Want noiseless desktop computing?
Typically, PC watercooling kits do not take care of the ruckus that the cooling fan makes. There is the noise of the fan in the PC, and added to it is the noise of any case fans that you may add. Since all of this is meant to cool down your PC, a solution which can reduce the PC’s internal temperature without making so much noise would be a better option.
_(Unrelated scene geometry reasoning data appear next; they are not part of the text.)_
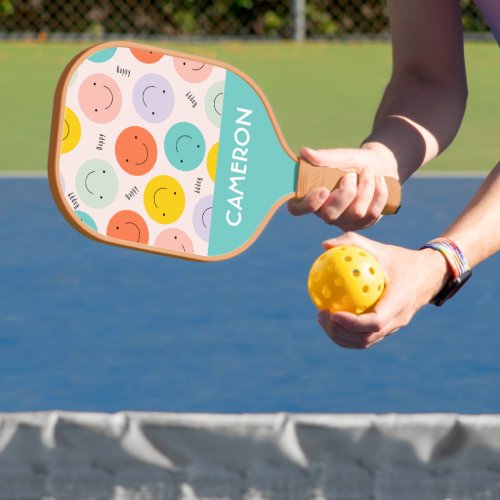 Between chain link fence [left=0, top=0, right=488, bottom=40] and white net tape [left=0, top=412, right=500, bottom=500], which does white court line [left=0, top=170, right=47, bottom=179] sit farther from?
chain link fence [left=0, top=0, right=488, bottom=40]

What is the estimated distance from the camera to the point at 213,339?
16.0 feet

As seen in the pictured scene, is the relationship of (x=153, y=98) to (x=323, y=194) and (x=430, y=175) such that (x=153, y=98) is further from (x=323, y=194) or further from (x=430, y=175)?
(x=430, y=175)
The Corsair Hydro H50 is one such example. It comes with a water block on top of the processor and a radiator, to be placed in the fan mount of the case. These two components are connected with water-filled tubes, one carries cold water and towards the processor block while the other takes heated water away from it. As a result, the fans don’t have to work as exhaustively as they do without the watercooling system, and you get to have a far less noisy PC which doesn’t heat up.
Need the heavy-weights?
So your PC is doing one hell of a stressful job and you need some really heavy-duty cooling gear to breeze up the internals? In such a case, you will have to be a little lenient towards the size of the watercooling kit. That’s because some of the best that are available tend to be rather large in size. Noctua’s NH-D14, for example, is six inches tall and packs a dual-fan setup. It also comes with a SecuFirm2 multi-socket mounting system, making it easy for you to securely install it on your hardware.
Another option is that of Cooler Master V8 GTS. This here is another giant in the world of watercooling kits. It has a rather huge look but it justifies that by trimming down the heat. However, these two systems are convenient only for larger PCs with enough room inside.
The bare basics:
If you are looking forward to go very tight-budgeted on this, you should look up more low-priced options such as Seidon 120V and Seidon 120M. Both of these pack single fan and are pretty small in size, especially suited for small-sized PCs.
These are probably the most price-friendly watercooling kits, the 120V going for as low as $49. For a start, you should try these kits out and see how watercooling works for you as an effective solution. If you find it really useful and need to get a better kit, you can build it up from there.